On me dit que M. le ministre est un officier. Oui, sans doute. Mais il pourrait ne pas être officier. Il n'est dit nulle part que le ministre de la guerre doit être officier ; et, par exemple, je crois que l'honorable M. Brabant serait un excellent ministre de la guerre. Il n'est cependant pas officier. Les ministres de la guerre doivent payer leurs frais de route et de séjour, non comme officiers, mais comme ministres. Il n'y a aucune analogie entre la position d'un ministre voyageant et la position d'un lieutenant ou d'un sous-lieutenant.

Il faut donc, de deux choses l'une, ou qu'on laisse les choses comme elles sont - mais, je le déclare, c'est un abus réel - ou que les frais de route et de séjour soient prélevés sur l'article sur lequel ils ont été imputés jusqu'à présent ; et comme cet article a suffi jusqu'à présent, il continuera à suffire à l'avenir.

Si vous prenez les 5,000 fr. sur l'article 7 de la section III, ce sera encore une fois favoriser les grands et faire souffrir les petits. Car, je le répète, les 88,000 fr. sont destinés aux officiers de tous grades, y compris les sous-lieutenants.

- La discussion est close.

La chambre décide qu'elle votera d'abord sur la proposition de M. le ministre de la guerre qui tend à prendre sur l'article 7 du chapitre Il une somme de 5,000 francs qui ferait l'objet d'un article 7 nouveau du chapitre premier, lequel seraft libellé de la manière suivante :

« Frais de route et de séjour du ministre : fr. 5,000 fr. »

- Le retranchement à opérer sur l'article 7 du chapitre II est d'abord mis aux voix et adopté.

L'article 7 nouveau du chapitre premier est ensuite mis aux voix et adopté.

Chapitre II. Solde et masses

Section I. Solde de l’état-major
Articles 1 à 3

« Art. 1er. Etat-major général : fr. 595,000. »

- Adopté.


« Art. 2. Etat-major des provinces et des places : fr. 277,342 70 c. »

- Adopté.


« Art. 3. Service de l'intendance militaire : fr. 110,644. »

- Adopté.

Article 4

« Art. 4. Service de santé et administration des hôpitaux : fr. 340,485 75 c. »

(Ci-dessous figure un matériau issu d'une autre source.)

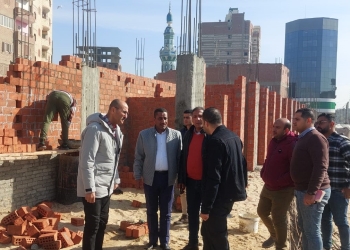السكرتير العام المساعد يتفقد  سير الأعمال والإنشاءات الجارى تنفيذها  بمشروع تطوير سوق الدهشوري بمدينة بني سويف 19 - جريدة المساء
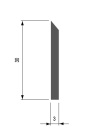 Coltello pialla 210 mm HSS 30 x 3 mm | Stark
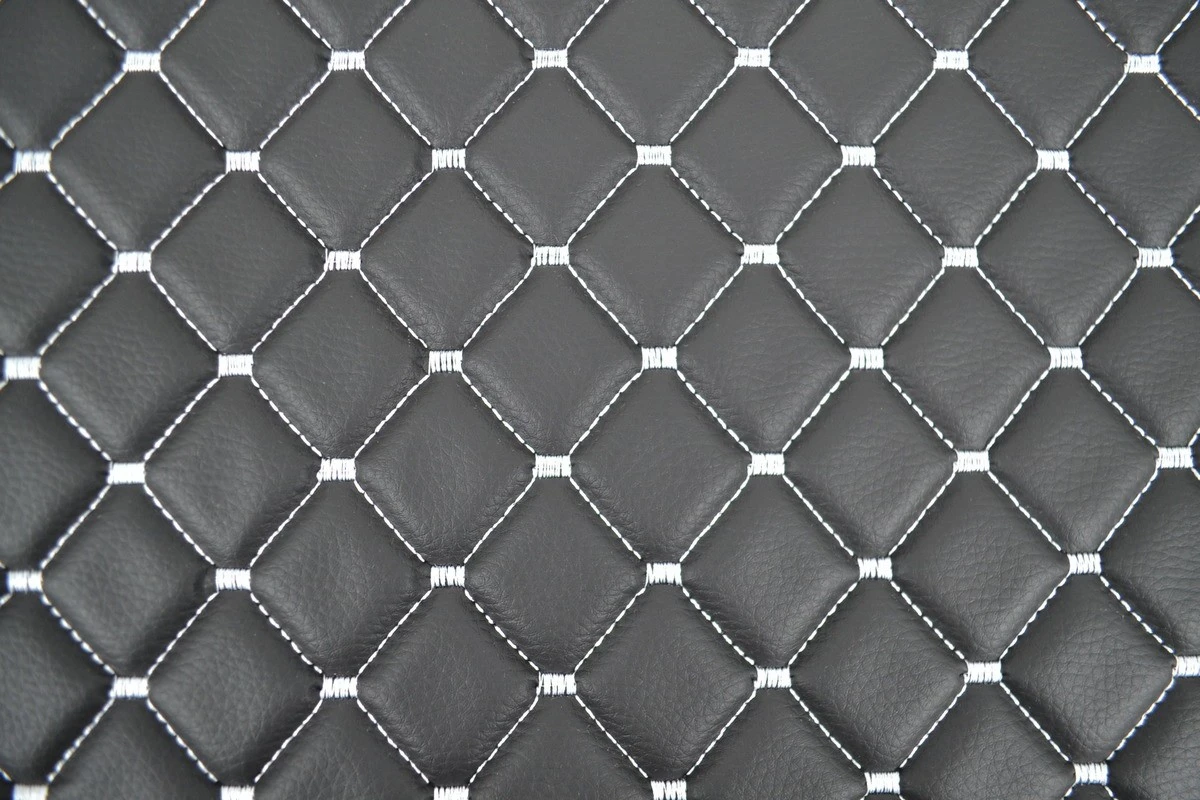 Black with White Stitches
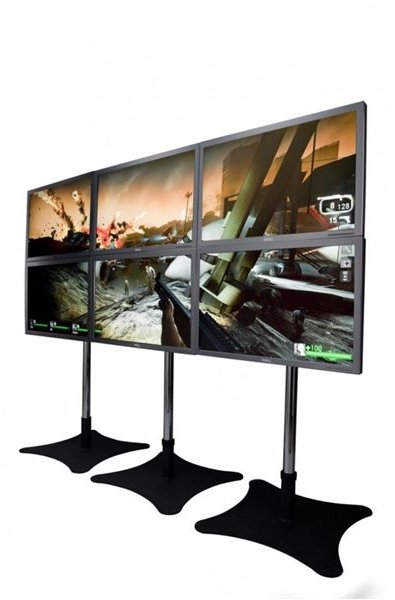 Eyefinity can support up to 6 monitors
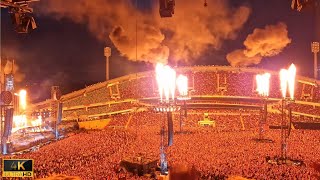 Rammstein  Du Hast Pyro Show Live Gothenburg Sweden  July 30 2022 4K 2160p [upl. by Nylasoj423]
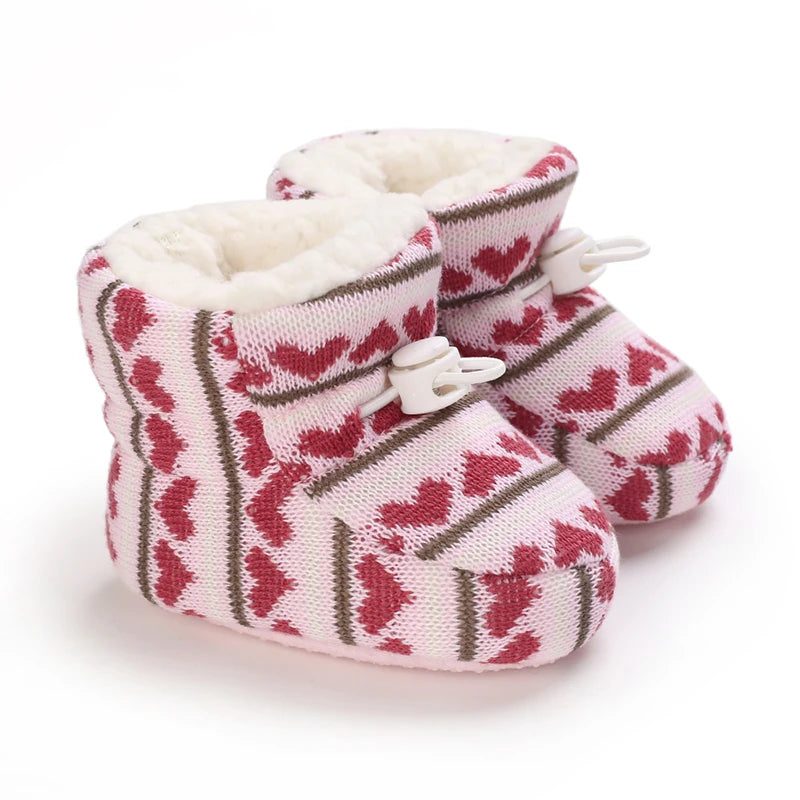 Winter Baby Shoes Boys Girls Cotton Soft Sole Snow Booties Thick Winter Warm Newborn Toddler Boots Shoes Frist Walking Shoes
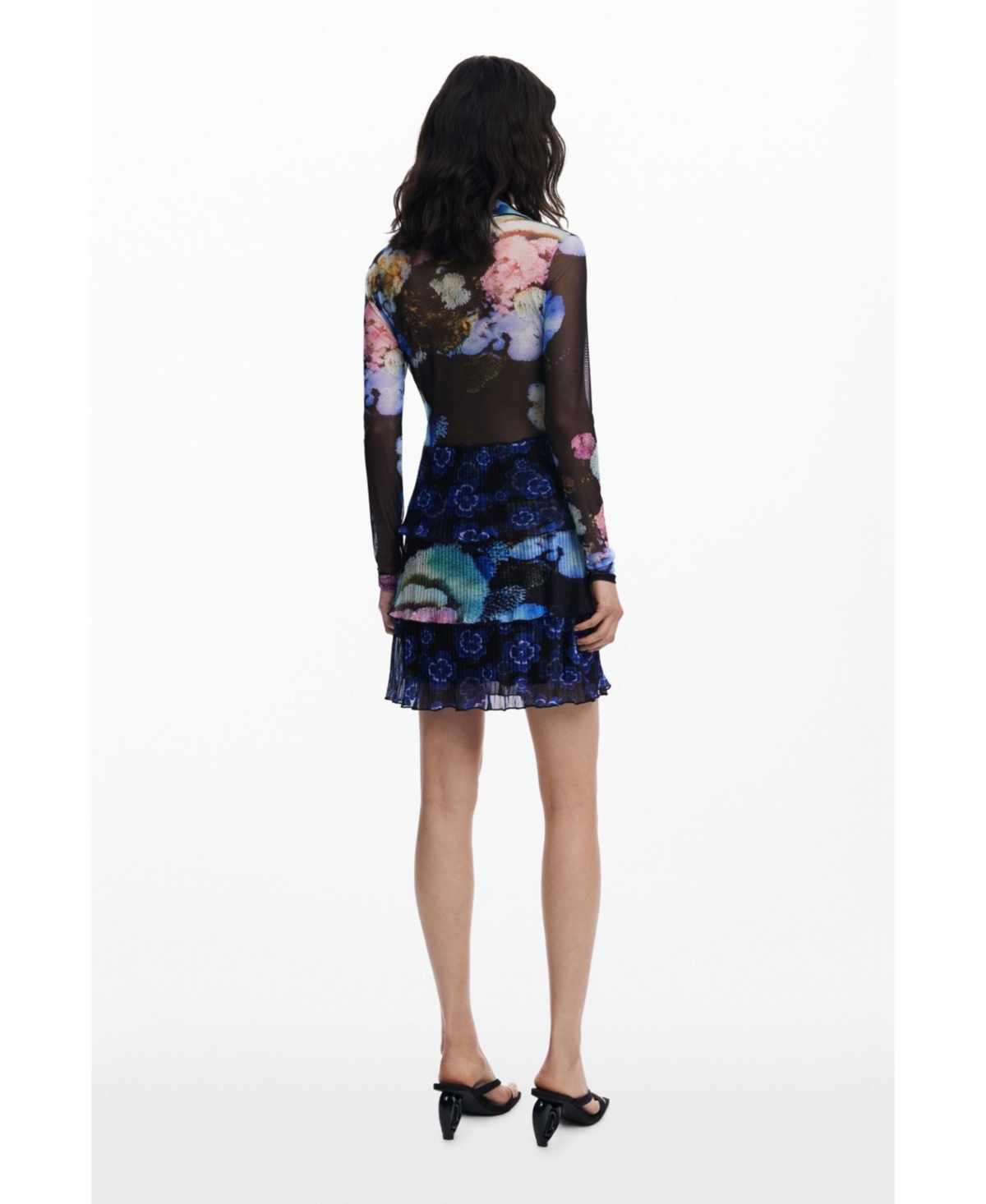 Desigual Women's Dress Designed By Mr. Christian Lacroix In Blue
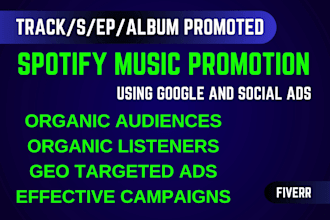 setup music videos ads to spotify monthly listeners in 3day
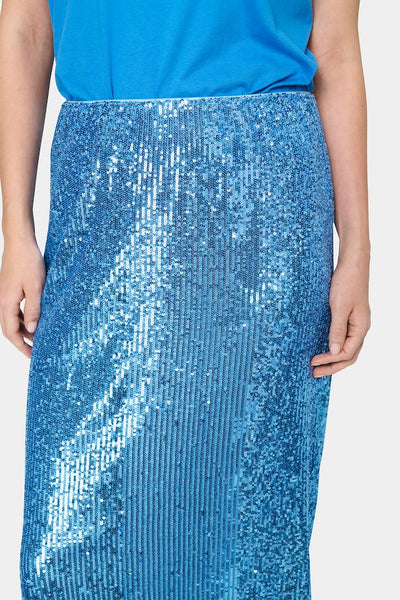 Saint Tropez EvitaSZ Sequin Skirt - Provence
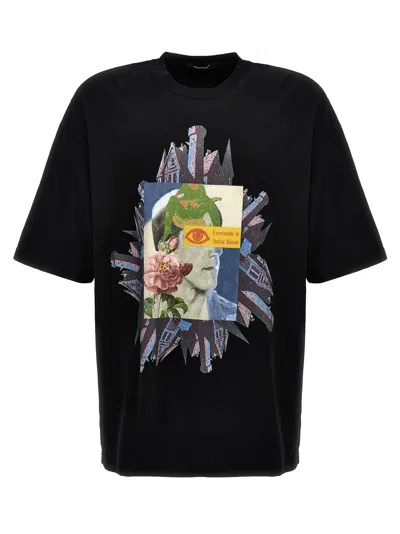 Undercover Printed T-shirt In Black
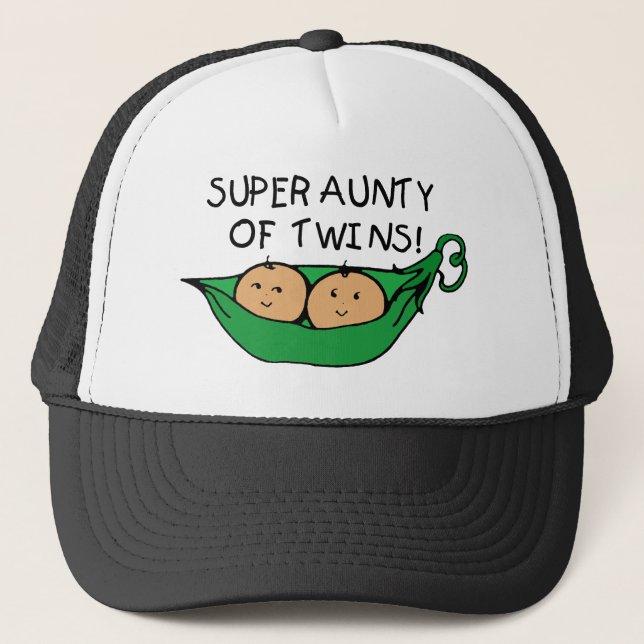 Casquette Tante superbe de cosse de jumeaux (Devant)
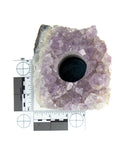 Amethyst Druzy Candle Holder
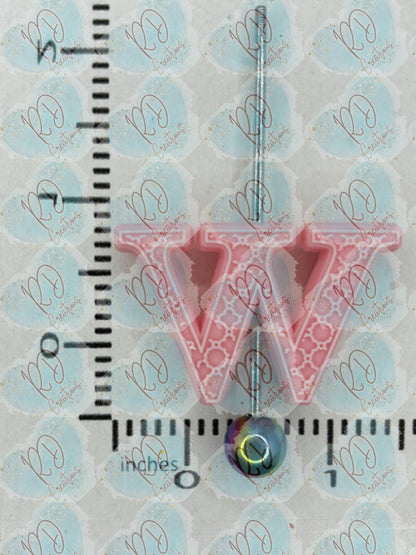 Colección focal de silicona W ~ Alphabet exclusiva en colaboración con TaTNCS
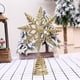 thumbnail image 5 of Estrella para árbol de Navidad, estrella para la copa del árbol, decoración para árbol de Navidad, estrella luminosa para árbol de Navidad para decoración de interior y exterior (dorado), 5 of 5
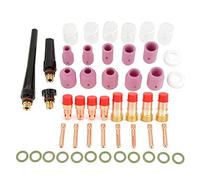Set di Saldatura TIG Professionale, 49 Pezzi, Kit Accessori con Ugelli in Allumina, Tazze a Gas, Pinze per Lenti, Strumenti per Torcia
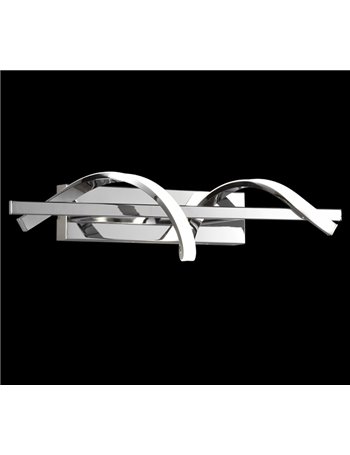 Isabel applique led cromata l. 46cm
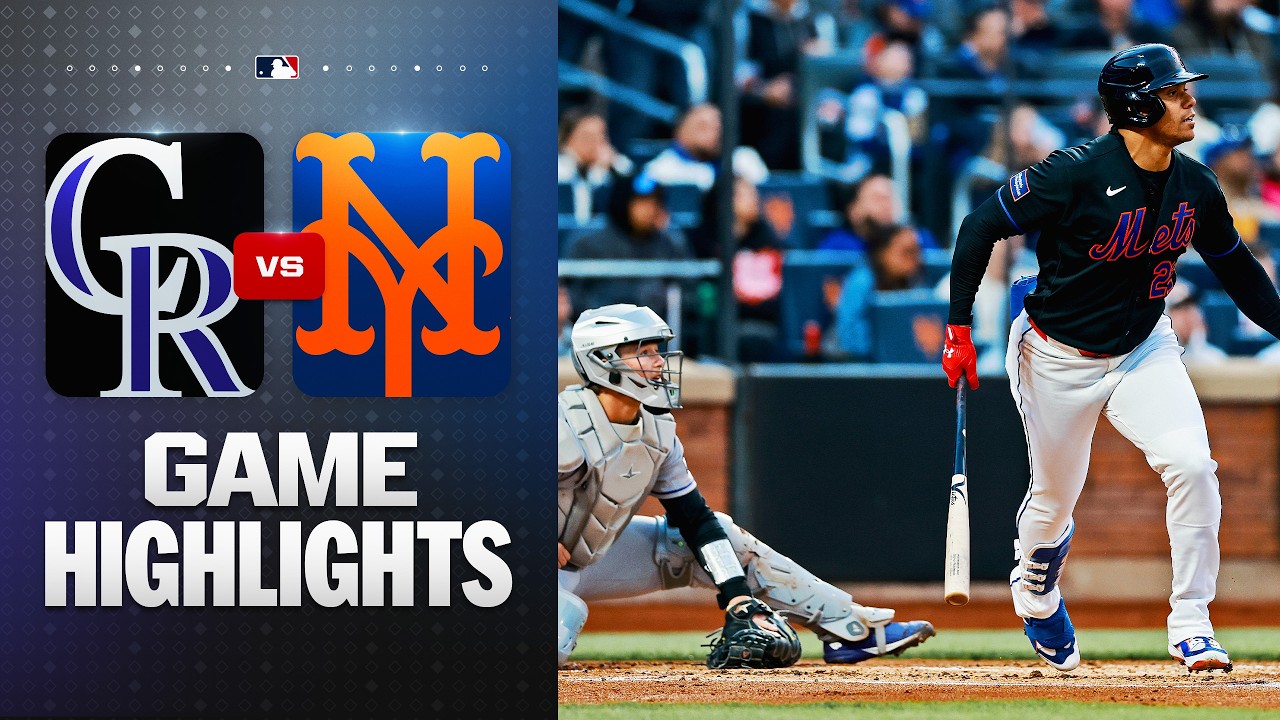 Rockies vs. Mets Game Highlights (4/24/26) | MLB Highlights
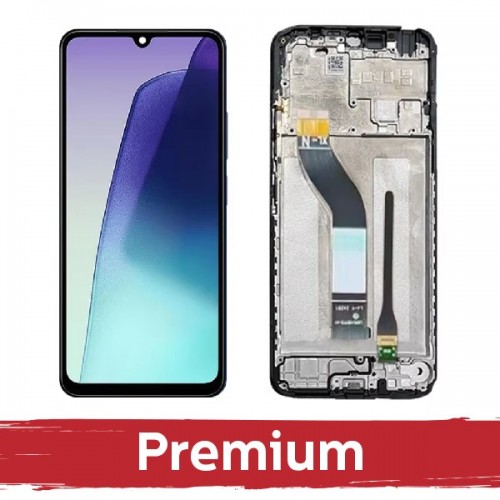 LCD näyttö yhteensopiva Xiaomi Redmi 14C 4G / Poco C75 musta kehyksellä OEM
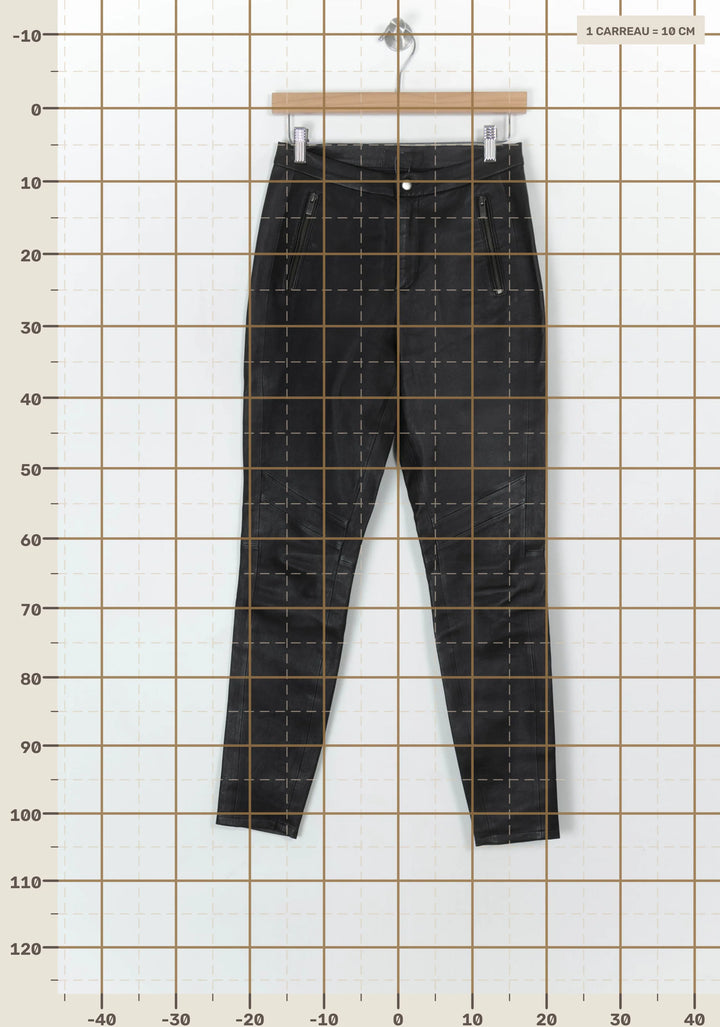 Pantalon En Cuir Noir - Taille S/36 de la marque IKKS | PARAD122483 - Vendu par Paradigme - Image 4
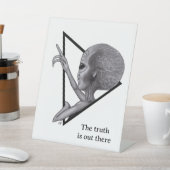 Signe De Table Alien gris, la vérité est là (In SItu)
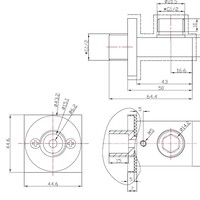 Wiesbaden Wiesbaden Rombo Doucheslag Aansluiting - Chroom
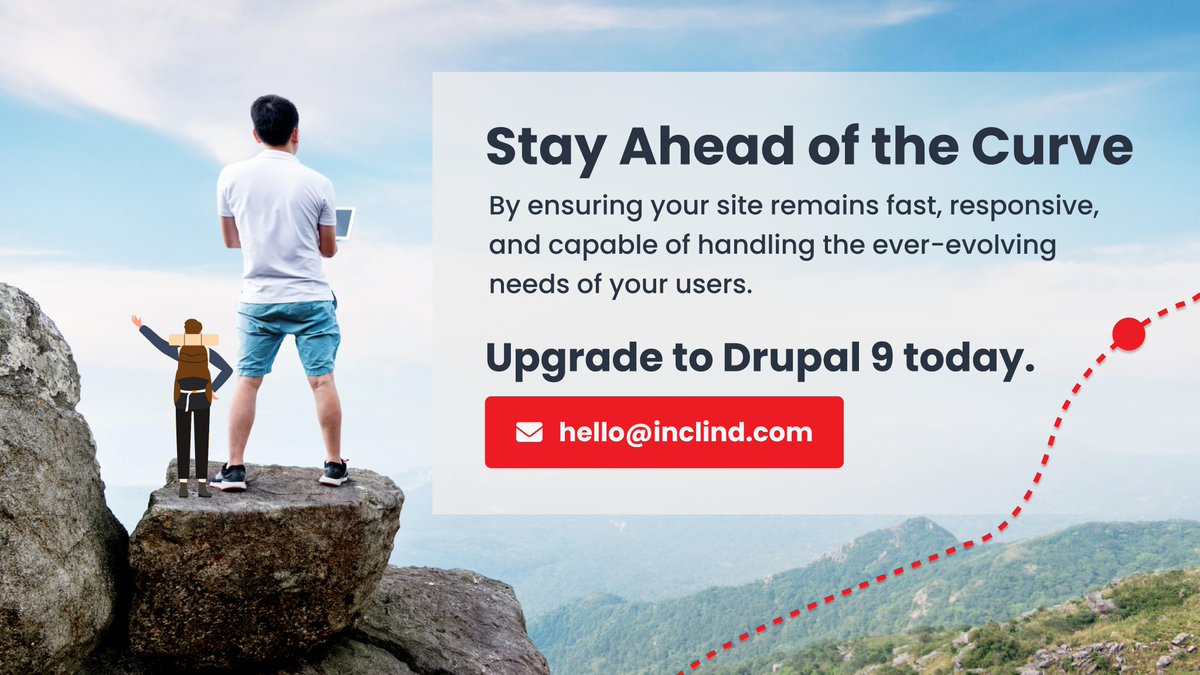 inclind's tweet image. Keep your business safe from cyber threats with the trusted platform that is Drupal 9 – let's chat about how we can help protect your site. #drupal #drupal9 #websitesecurity #digitalprotection #CyberSecurity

M. de Garcia. - Messieurs, nous venons de voter une loi qui règle les traitements des officiers de santé. Le chiffre qui nous est soumis est calculé d'après cette loi ; mais je ne sais pas si M. le ministre a considéré (page 695) la loi comme devant recevoir son exécution à partir du 1er janvier, ou s'il entend ne l’exécuter qu'à partir du jour de sa publication. Quant à moi, je pense qu'elle ne doit recevoir son exécution qu'à dater du jour de sa publication, et alors il y aurait peut-être à opérer une réduction sur le chiffre qui nous occupe en ce moment.

Dans tous les cas, je prie M. le ministre de vouloir donner à la chambre quelques explications à cet égard.

M. le ministre de la guerre (M. Prisse). - Messieurs, lorsque j'ai proposé une nouvelle organisation du service de santé, j'ai pensé naturellement que la loi serait applicable à dater du 1er janvier. Maintenant, par suite des retards que la discussion a éprouvés, il est possible que l'on puisse opérer quelques économies, puisque les augmentations ne commenceront à avoir leur effet que d'ici à quelques jours ; eh bien, messieurs, les sommes à résulter de ces économies seront acquises au trésor.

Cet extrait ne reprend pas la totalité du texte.